**Task details:** Whatever lines the data contains, output all of them unchanged.

**Items from a dataset:**
━━━━━━━━

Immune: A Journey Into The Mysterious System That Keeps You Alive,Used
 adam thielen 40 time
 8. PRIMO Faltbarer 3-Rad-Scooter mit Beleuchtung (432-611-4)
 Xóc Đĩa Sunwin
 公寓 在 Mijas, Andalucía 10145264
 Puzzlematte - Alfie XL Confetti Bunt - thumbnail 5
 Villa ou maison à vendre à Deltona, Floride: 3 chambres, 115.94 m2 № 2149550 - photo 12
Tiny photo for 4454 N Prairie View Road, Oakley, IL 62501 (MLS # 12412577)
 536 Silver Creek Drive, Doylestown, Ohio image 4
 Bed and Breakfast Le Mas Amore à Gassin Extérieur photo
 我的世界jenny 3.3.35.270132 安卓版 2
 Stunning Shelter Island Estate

━━━━━━━━

**Result below:**
Immune: A Journey Into The Mysterious System That Keeps You Alive,Used
 adam thielen 40 time
 8. PRIMO Faltbarer 3-Rad-Scooter mit Beleuchtung (432-611-4)
 Xóc Đĩa Sunwin
 公寓 在 Mijas, Andalucía 10145264
 Puzzlematte - Alfie XL Confetti Bunt - thumbnail 5
 Villa ou maison à vendre à Deltona, Floride: 3 chambres, 115.94 m2 № 2149550 - photo 12
Tiny photo for 4454 N Prairie View Road, Oakley, IL 62501 (MLS # 12412577)
 536 Silver Creek Drive, Doylestown, Ohio image 4
 Bed and Breakfast Le Mas Amore à Gassin Extérieur photo
 我的世界jenny 3.3.35.270132 安卓版 2
 Stunning Shelter Island Estate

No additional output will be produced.